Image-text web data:
☆ ☆ ☆

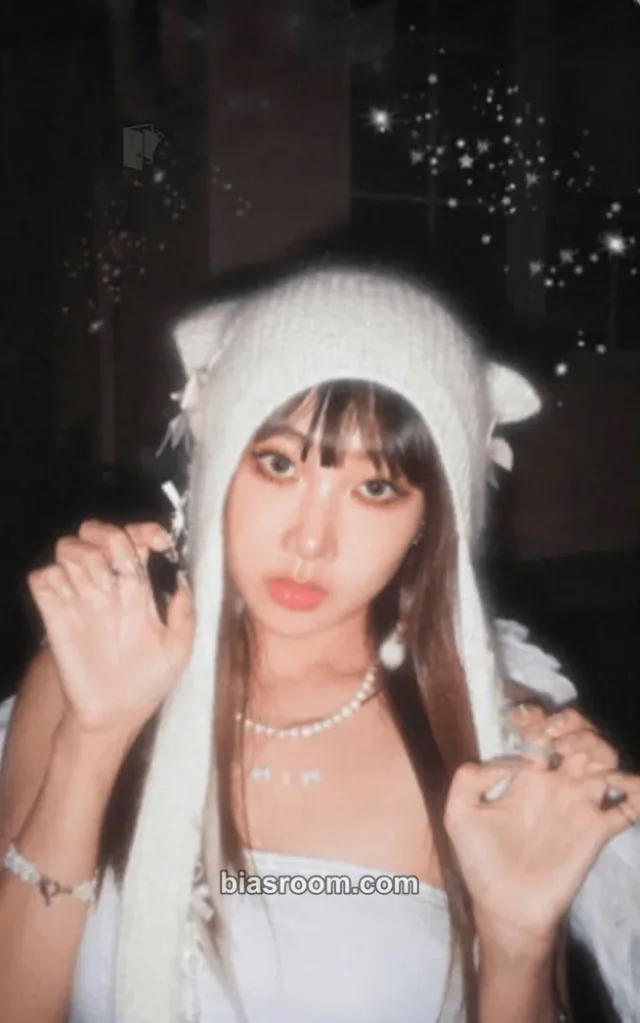The Deep - The Deep - Messy Room Album merch photocard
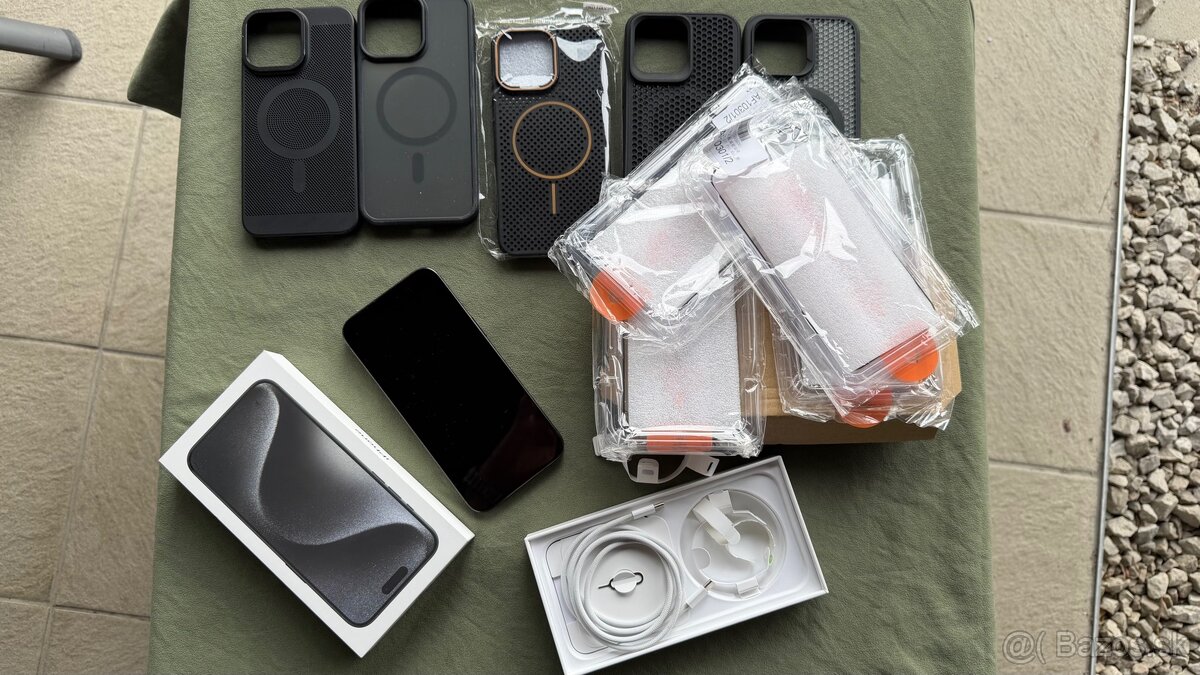 Apple iPhone 15 Pro Max – 256 GB – ako nový - 9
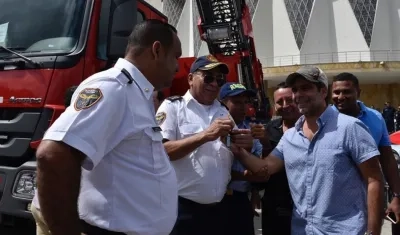 El Alcalde Alejandro Char entrega las llaves de una de las máquinas de bomberos al Comandante de ese organismos de socorro.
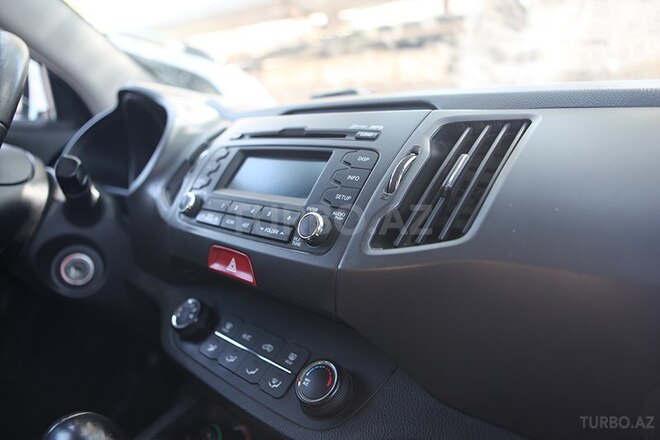 Kia Sportage 2010, 136,000 km - 2.0 l - Bakı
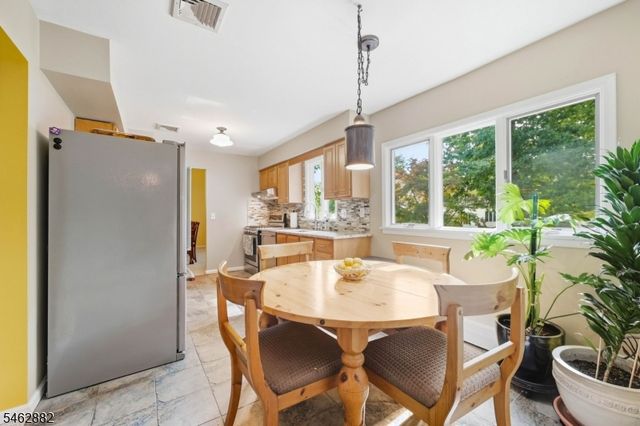 33 Celtic Way, Parsippany-troy Hills Twp., NJ 07054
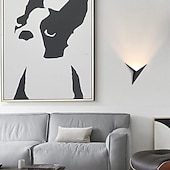 preiswerte Indoor-Wandleuchten-2 Stück Dreieck dreidimensionale Wandleuchte moderne Kunst und Kreativität Innenwandleuchte 3W 25cm Innenwandleuchte aus Metall AC85-265V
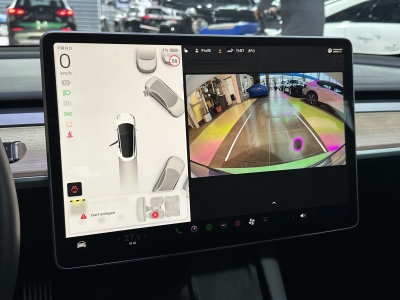 Tesla Model 3 Autopilot*LED*Wärmepumpe*Leder*Pano*ACC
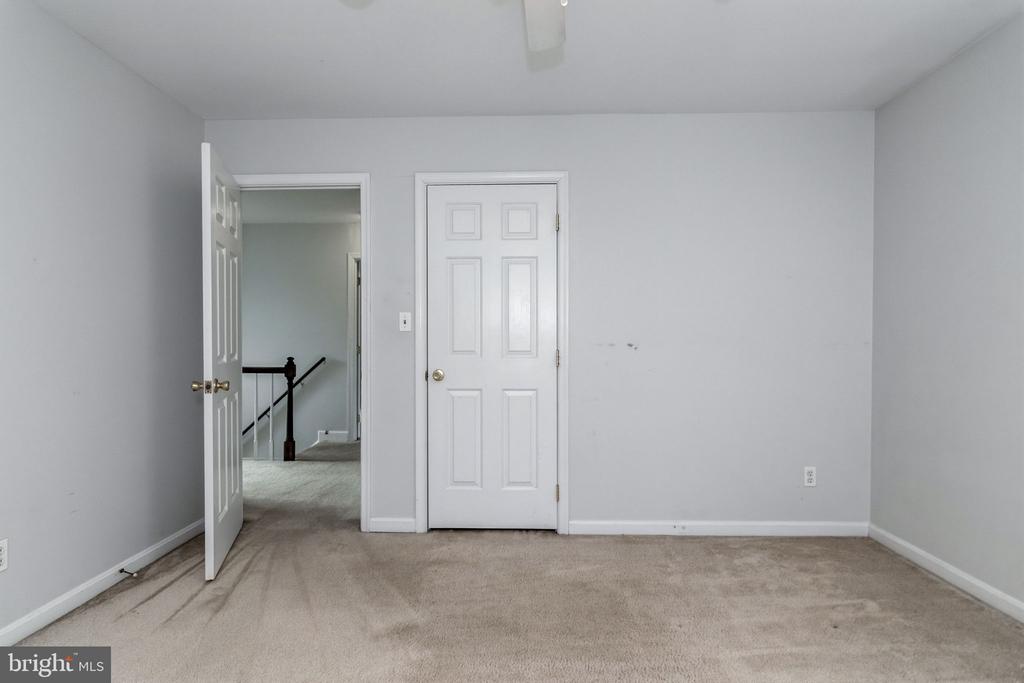 2009 WHITE LAKE DR, FREDERICKSBURG, Virginia 22407, 3 Bedrooms Bedrooms, ,2 BathroomsBathrooms,Residential,BREEZEWOOD,2009 WHITE LAKE DR,VASP2039884 MLS # VASP2039884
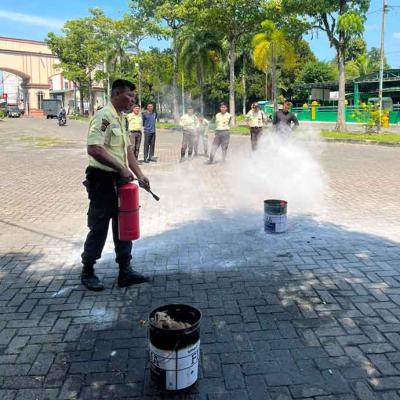 Latihan Gabungan Pemakaian Apar 7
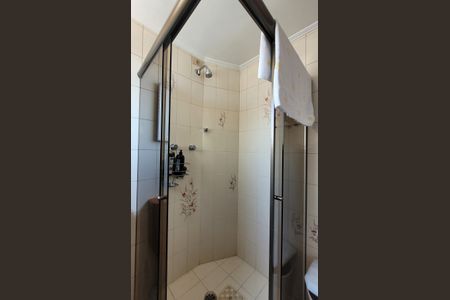 Apartamento à venda com 284m², 5 quartos e 3 vagas Apartamento à venda com 284m², 5 quartos e 3 vagasBanheiro da suíte 2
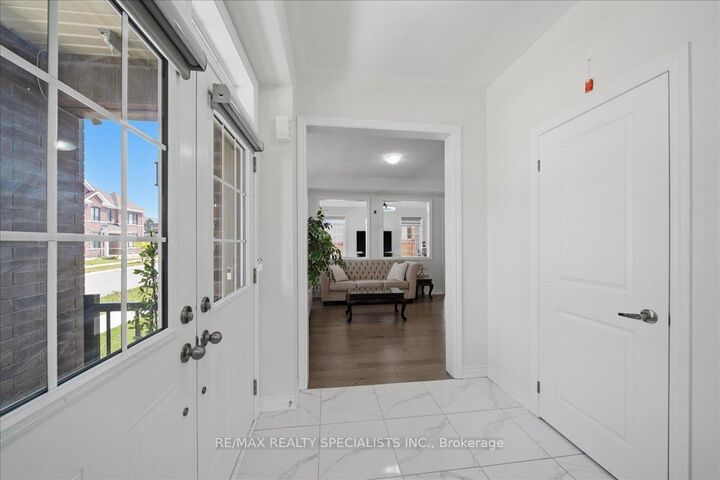 Property Photo: 120 Durham Avenue ON L9J 0L8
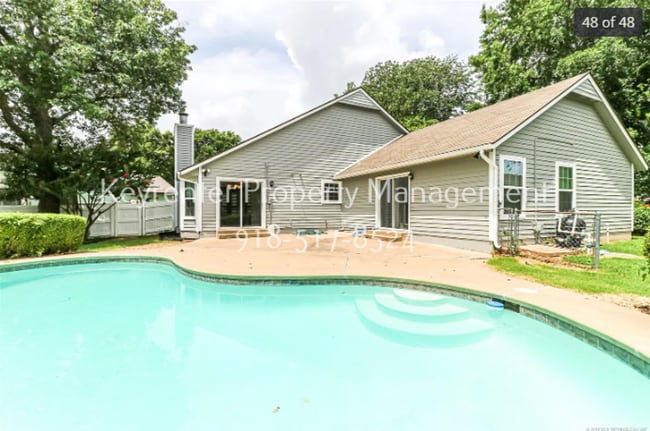 Building Photo - 3 Bed 2 Bath South Tulsa with Pool, Jenks Schools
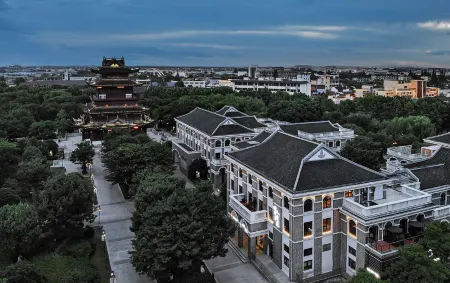Flowers of the wayfaring seasons Hotel Отели рядом с достопримечательностью «Xiaolianzhuang»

☆ ☆ ☆

- _WORK INSTRUCTION_:
Transcribe the span of lines that runs from the line with "preiswerte Indoor-Wandleuchten-2 Stück" to the end of the data, both ends included, exactly, with nothing else and no pictures.

- _RESPONSE AREA_:
 preiswerte Indoor-Wandleuchten-2 Stück Dreieck dreidimensionale Wandleuchte moderne Kunst und Kreativität Innenwandleuchte 3W 25cm Innenwandleuchte aus Metall AC85-265V
 Tesla Model 3 Autopilot*LED*Wärmepumpe*Leder*Pano*ACC
 2009 WHITE LAKE DR, FREDERICKSBURG, Virginia 22407, 3 Bedrooms Bedrooms, ,2 BathroomsBathrooms,Residential,BREEZEWOOD,2009 WHITE LAKE DR,VASP2039884 MLS # VASP2039884
 Latihan Gabungan Pemakaian Apar 7
 Apartamento à venda com 284m², 5 quartos e 3 vagas Apartamento à venda com 284m², 5 quartos e 3 vagasBanheiro da suíte 2
 Property Photo: 120 Durham Avenue ON L9J 0L8
 Building Photo - 3 Bed 2 Bath South Tulsa with Pool, Jenks Schools
Flowers of the wayfaring seasons Hotel Отели рядом с достопримечательностью «Xiaolianzhuang»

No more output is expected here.